I was going to go to bed early tonight, but a quick check of the markets showed Japan's Nikkei index down 1200 points, S&P futures down hard, crude back under 100 dollars and gold down over 10 bucks. And as I sat there staring at my trading screens things just went from bad to worse to "worser".
Anyone reading my recent posts, or my twitter feeds, know I have been negative on the market for the last couple weeks. The S&P has been turning lower, forming what looks like a "rounding top" over the last 2 weeks. The 20 day moving average (20dma) has turned lower. Price has closed under its 50dma in 2 out of the last 3 days. And the RSI and MACD have both been signaling lower prices.
I did not get aggressively short, but over the past couple weeks I've been slowly reducing longs, raising cash, and initiating new short positions. My trading account is small net short currently.
So assuming you have some cash on hand, what's the strategy here?
The type of price action we are experiencing tends to do a lot of damage to markets. There's no reason to rush in and buy the first dip you see, no matter how cheap a stock looks. This is not your typical run-of-the-mill correction. The Nikkei has suffered its worst 2-day loss since the 1970's and is now trading at its lowest levels since early 2009. S&P futures have reacted by selling off by over 2% tonight (although the futures have bounced off their lows somewhat).
What I would recommend is that everyone make a list of high quality stocks they wish to own, write them down, and then make note of key support levels that might provide attractive entry levels. Then look to either scale into the position, or just just place your bids at several support levels below the current price and sit back and wait. Patience will be key here.
For example, let's take a look at Apple (APPL):
AAPL is a company every likes, but many investors missed the last 80 dollar move over the past 6 months. AAPL closed @ 353.56 on Monday after bouncing off the 50dma support on Friday. Technically you would expect that the 50dma @ 346 would provide some support again. And it might, but in a market like this you need to be patient and wait for better risk/reward entry levels.

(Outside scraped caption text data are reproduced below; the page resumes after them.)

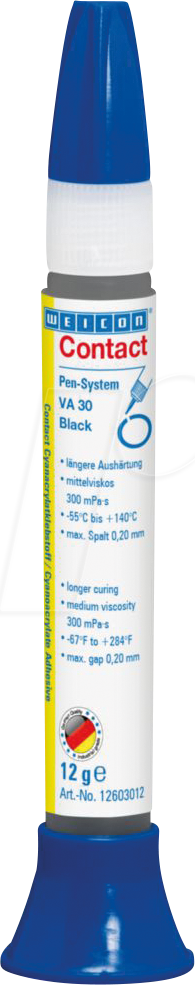 WEICON 12603012 - Cyanacrylat Kleber, Contact VA 30 Black, 12 g, gummigefüllt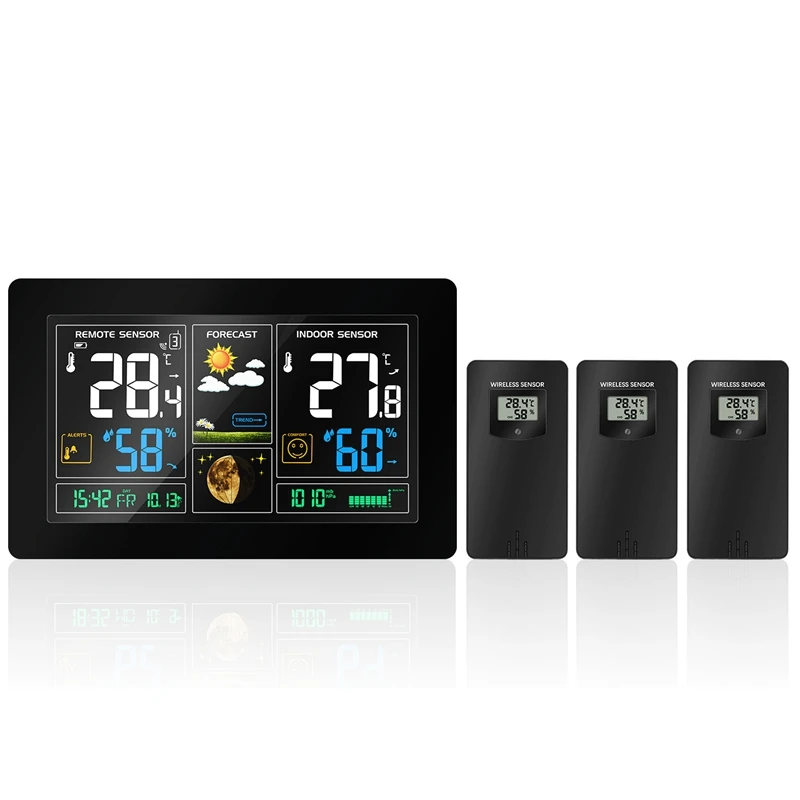 EU Plug,3 Outdoor Sensors Wireless Weather Station Color LCD Display Temperature Humidity Weather Forecast RCC Snooze Alarm Cloc
EU Plug,3 Outdoor Sensors Wireless Weather Station Color LCD Display Temperature Humidity Weather Forecast RCC Snooze Alarm Cloc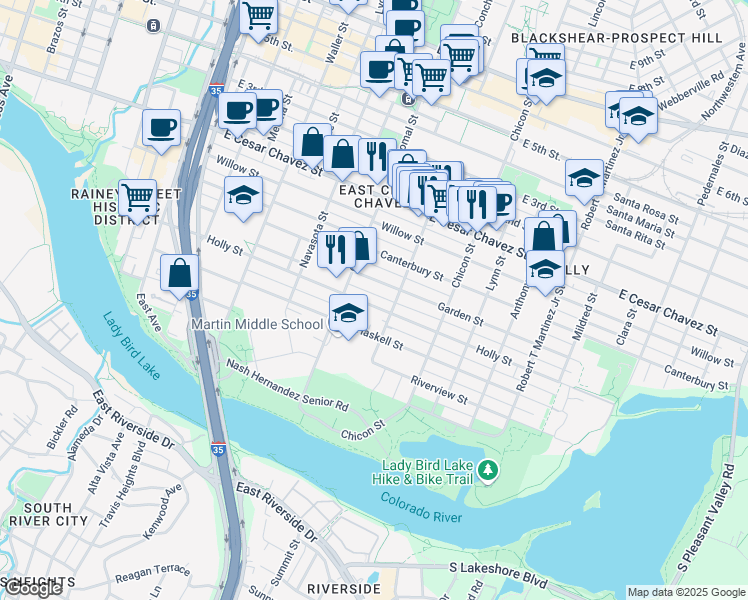map of restaurants, bars, coffee shops, grocery stores, and more near 1614 Holly Street in Austin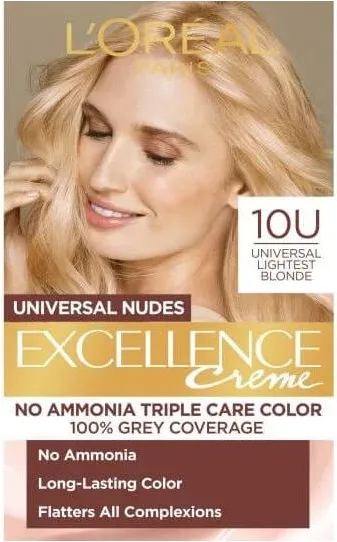 L’Oreal Excellence Universal Nudes Безамонячна боя за коса цвят 10U Lightest Blonde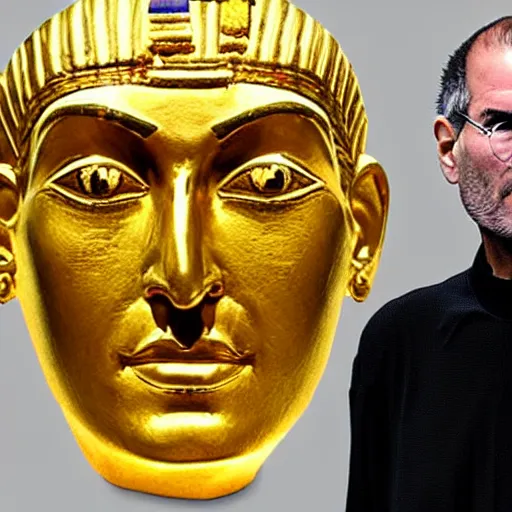 Image similar to ( steve jobs ) gold king tut mask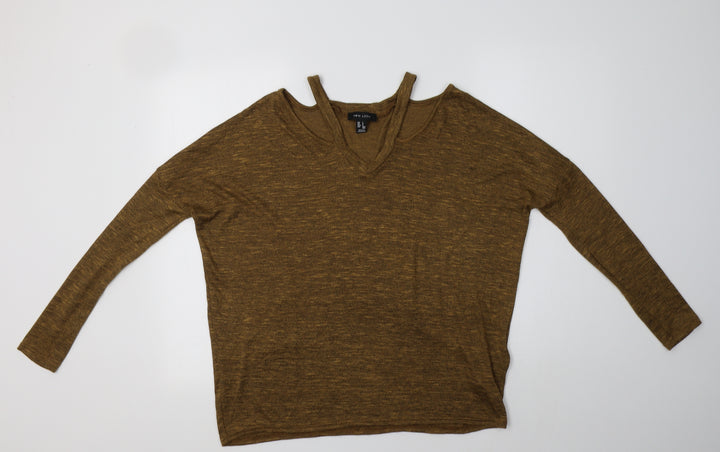 New Look Womens Brown V-Neck  Viscose Pullover Jumper Size S
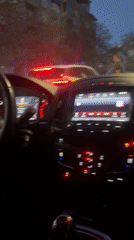 Car interior documented at night in Blagoevgrad, Bulgaria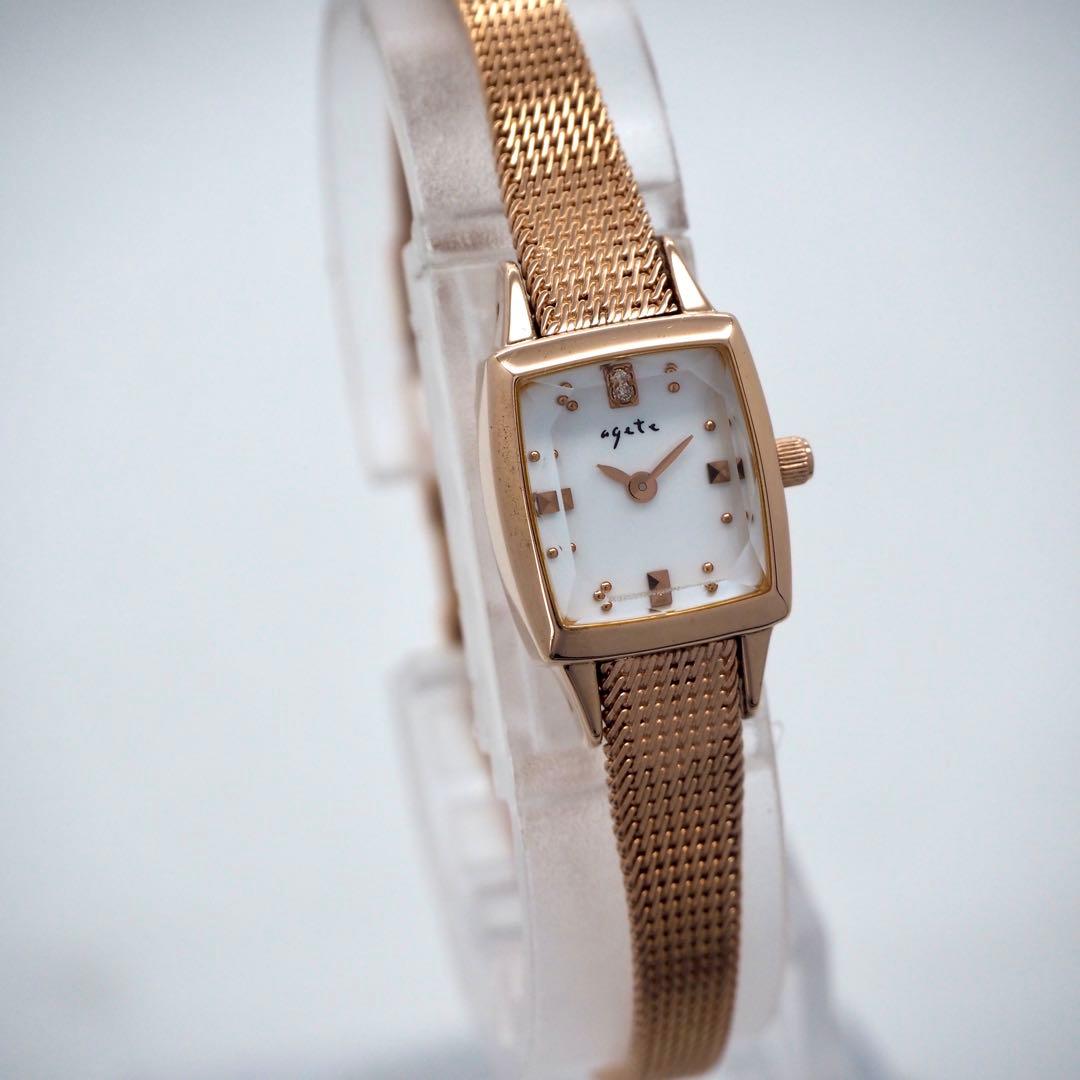160 稼働 agete 時計 SV925 0.02ct 1Pダイヤ レディース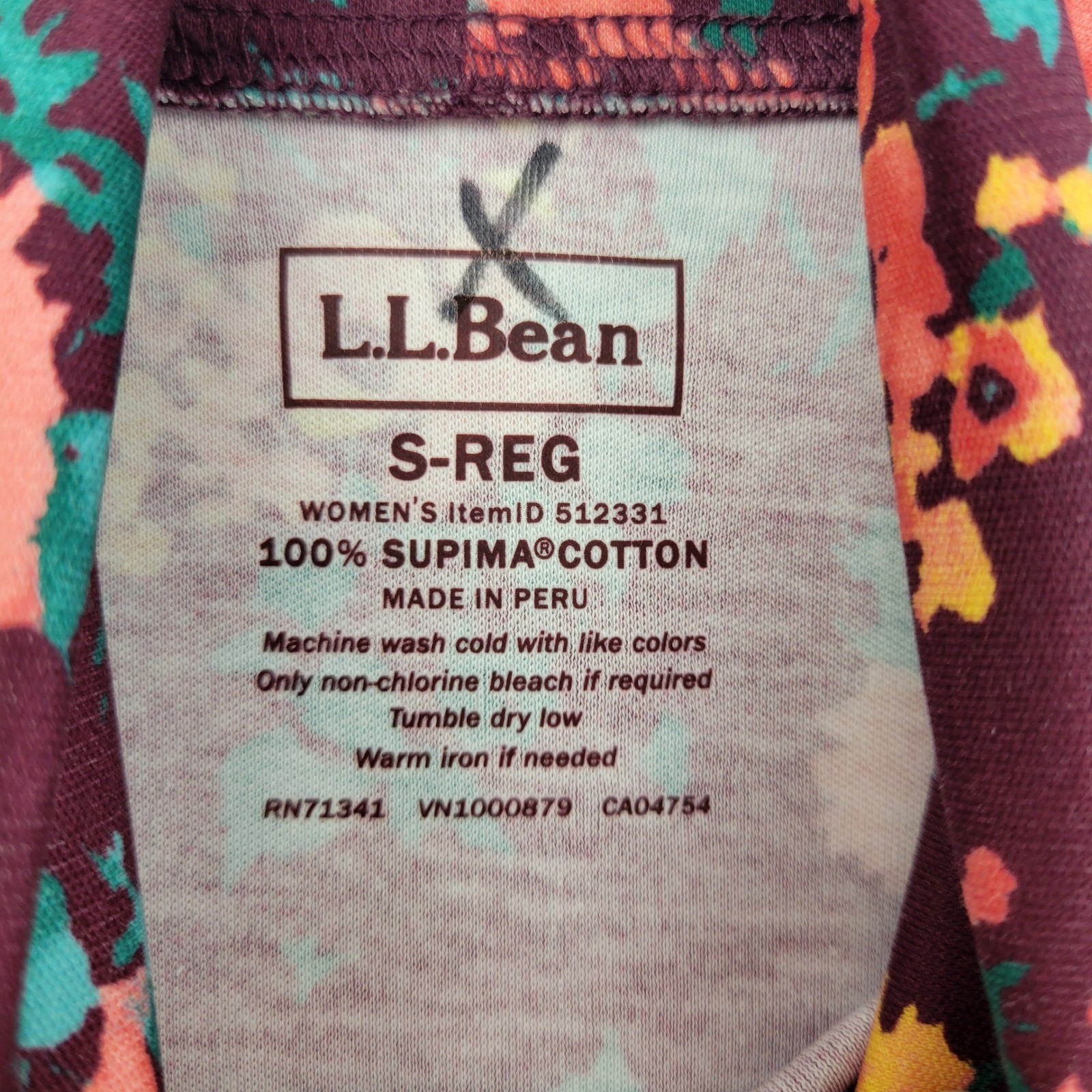 LL Bean Womens Pima Cotton Turtleneck Size Small Top Burgundy Floral 512331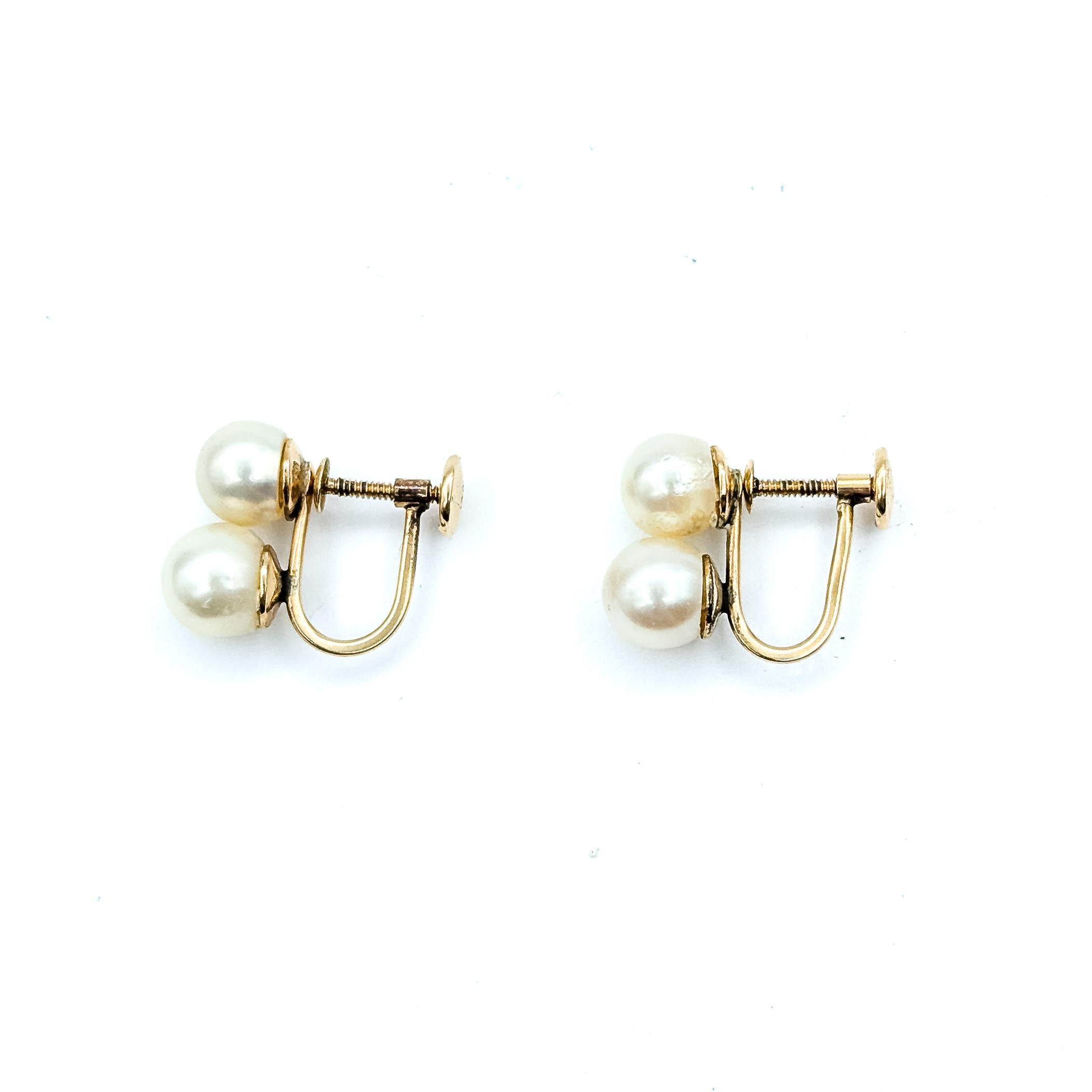 Vintage Perle Screwback Ohrringe in 14k Gelbgold im Angebot 1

In the case of AAPL one strategy would be to layer into bids between 300-330. 280 is also a massive support level that one might consider. Alternatively you could just place a bid around 300 and hope that the market panics enough to get you filled.
There's no need to be a hero here. Just because you have the cash doesn't mean you have to buy anything at any price. Let the sellers come to you. But you need to be prepared as the best opportunities usually don't last long. You need to do your homework BEFORE the market opens and have your bids ready.
Earlier tonight I performed a number of scans and came up with a list of 15-20 stocks I would like to own at better levels. The list include companies like AAPL, IBM and ICE among others. Hopefully by the end of the week I will have been successful in buying a few of them at very attractive levels.